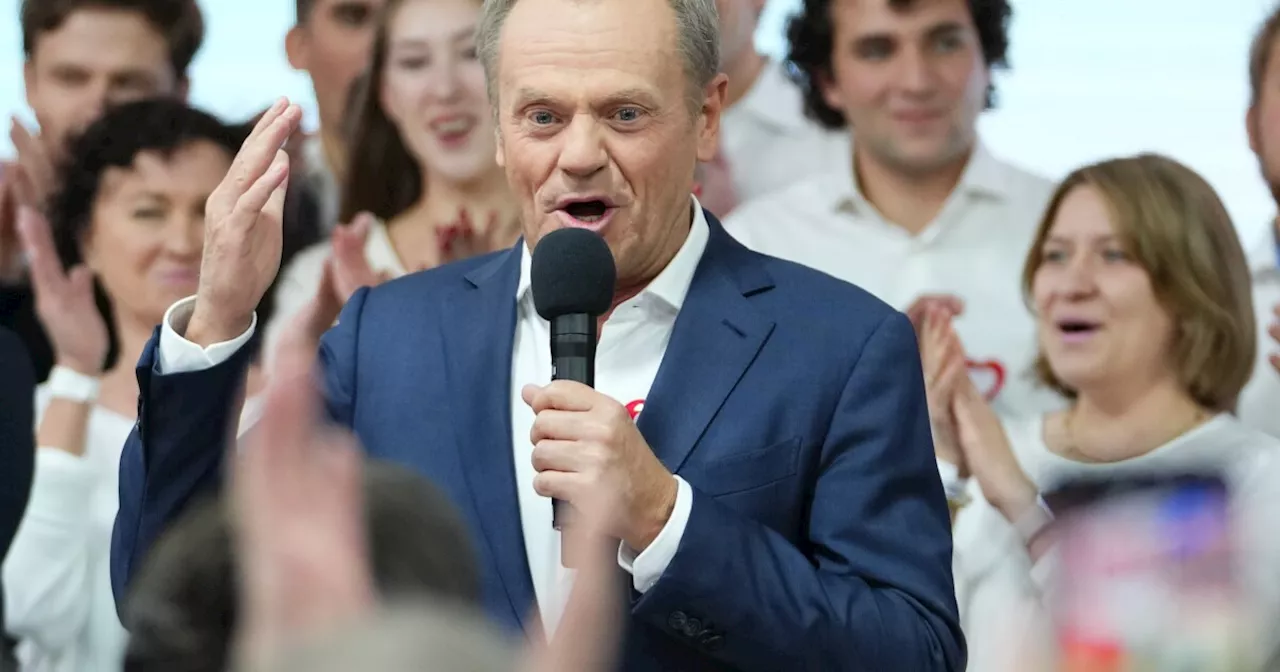 Polish opposition leader Tusk declares win as ruling conservatives lose majority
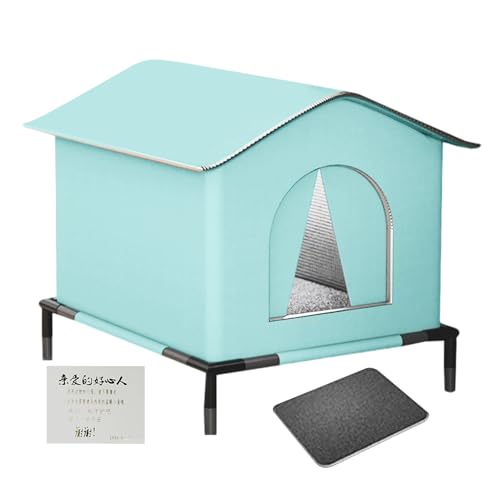 Winter warmes Katzennest, Katzenhaus im Freien, wetterfestes Tierheim, einfaches Setup, Allzweckplatzierung, 40x33x33 cm, für Gartengarten im Terrassen Garten Rasenhof Winter warmes Katzennest, Katzenhaus im Freien, wetterfestes Tierheim, einfaches Setup, Allzweckplatzierung, 40x33x33 cm, für Gartengarten im Terrassen Garten Rasenhof von Lpsdssre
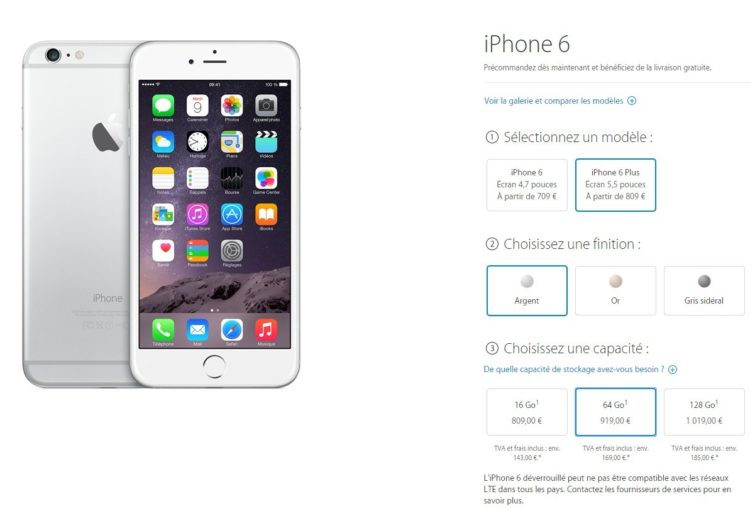 Image 1 : Précommande de l'iPhone 6 et du 6 Plus : tarifs et disponibilités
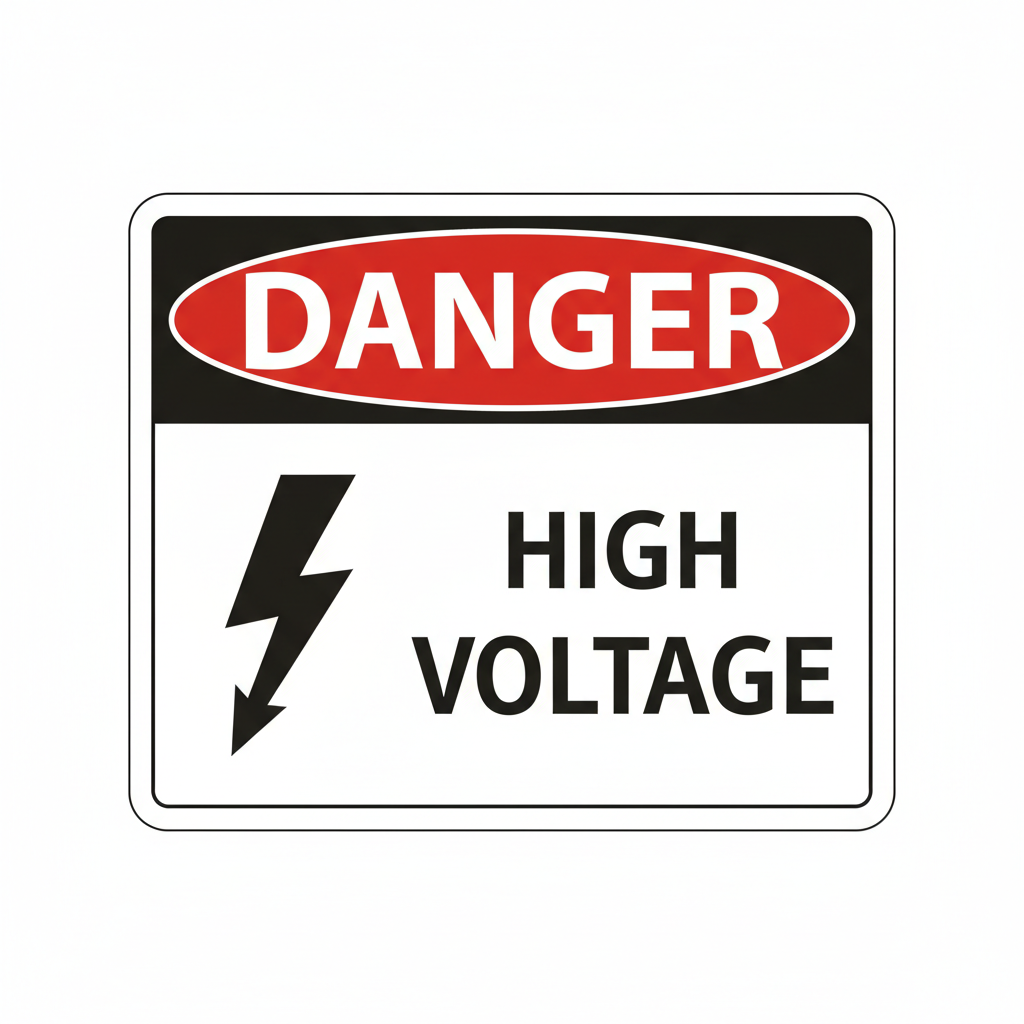 danger-high-voltage Sign | 24" x 36" | 030 Magnetic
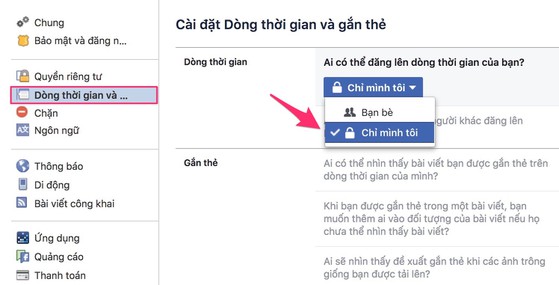 Thủ thuật - Tiện ích - Cách ẩn nội dung bài đăng được tag trên Facebook (Hình 2).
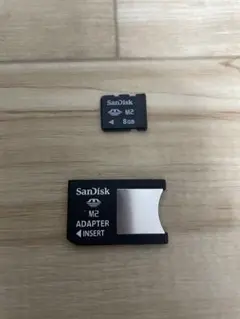 SanDisk 8GB M2 メモリースティックマイクロ 変換アダプタ付き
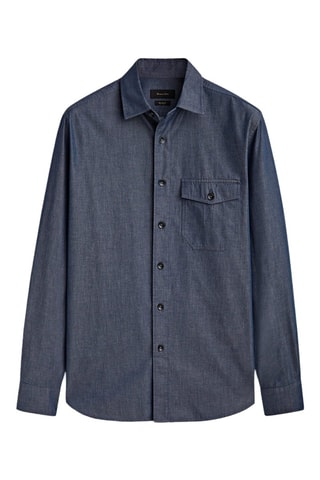 Chemise regular - Indigo chiné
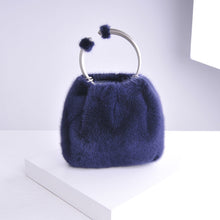 Load image into Gallery viewer, New Arrivals Real Mink Fur Handbags Women Fashion Fur Shoulder Bags Spring Bags Genuine Fur 8843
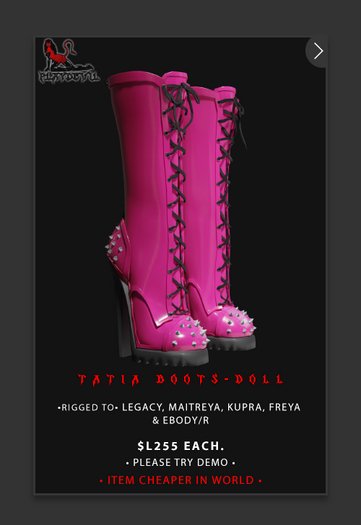 P.D - Tatia Boots - DOLL {ADD ME}
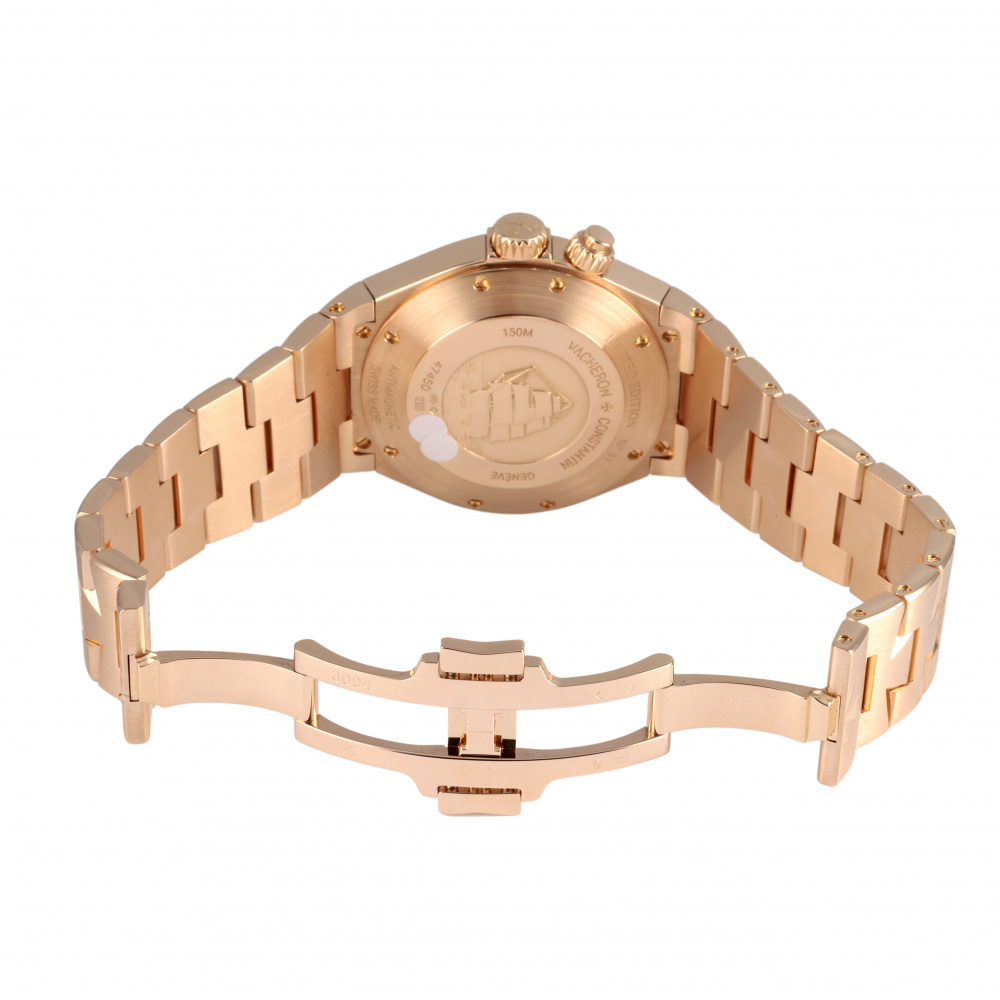 Overseas Dual Time Rose Gold Brown Dial 42mm 2007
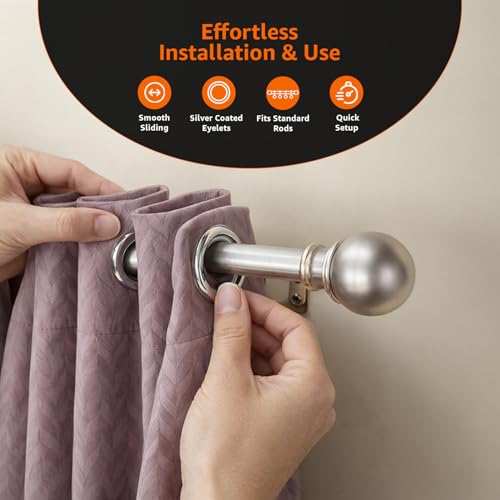 Image of Amazon Basics - Room Darkening Blackout Door Curtains, 100% Room Darkening | 5 Feet |Set of 2| Embossed | Self Deisgn |for Living Room and Bedroom | 115cmx 150cm, Color- Wine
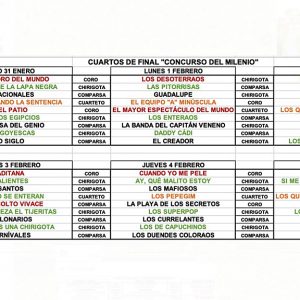 Canal Sur Televisión comienza este lunes su programación de Carnaval con 30 Años de Tangai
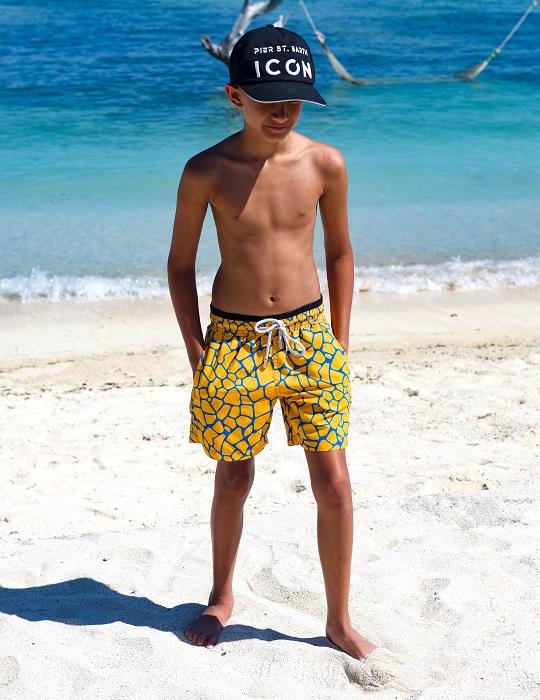 Men's Pier Sports Swim Shorts - Giraffe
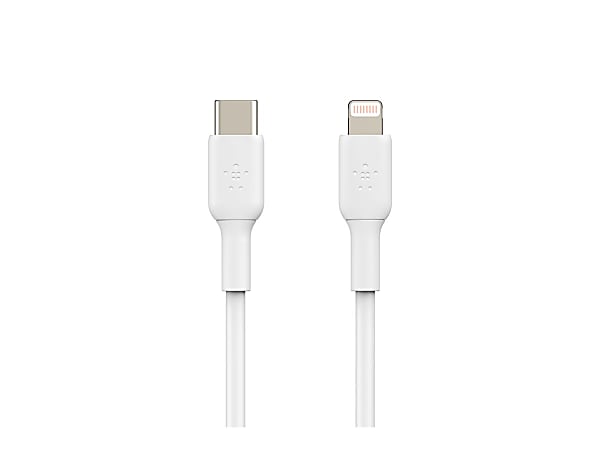 Belkin® BOOST UP CHARGE Lightning To USB-C Cable, 3-19/64', White
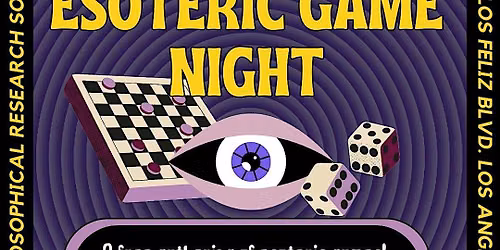 Esoteric Game Night!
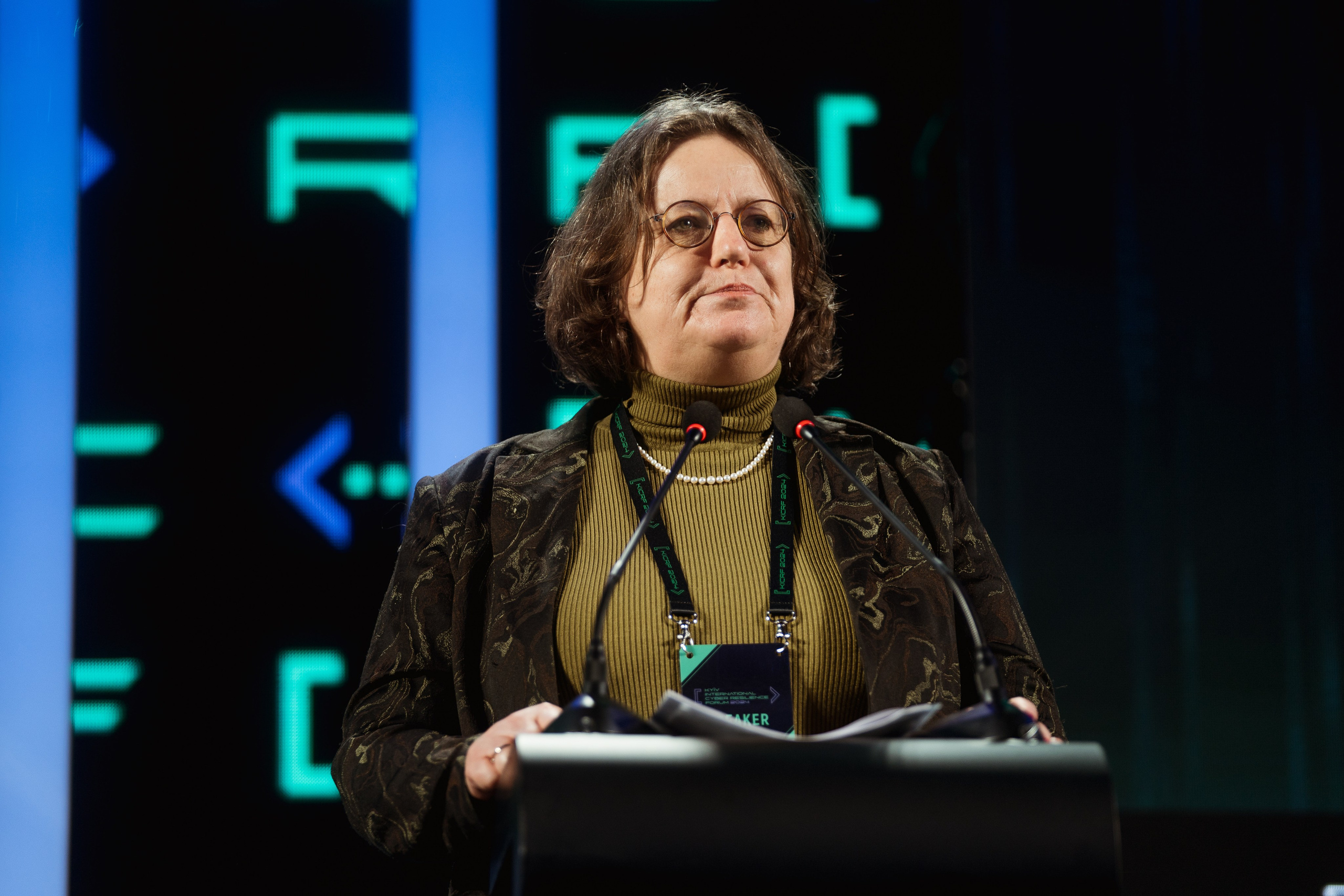 Cyber Resilience Forum. Kostiantyn Holinchenko. Reportage and portrait photographer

##########

PROBLEM REQUIREMENTS
Please repeat, exactly as written, only the lines from the line with "Overseas Dual Time" to the end of the data, leaving out every picture.

SOLUTION TO THIS TASK
 Overseas Dual Time Rose Gold Brown Dial 42mm 2007
 Image of Amazon Basics - Room Darkening Blackout Door Curtains, 100% Room Darkening | 5 Feet |Set of 2| Embossed | Self Deisgn |for Living Room and Bedroom | 115cmx 150cm, Color- Wine
 Canal Sur Televisión comienza este lunes su programación de Carnaval con 30 Años de Tangai
 Men's Pier Sports Swim Shorts - Giraffe
 Belkin® BOOST UP CHARGE Lightning To USB-C Cable, 3-19/64', White
 Esoteric Game Night!
 Cyber Resilience Forum. Kostiantyn Holinchenko. Reportage and portrait photographer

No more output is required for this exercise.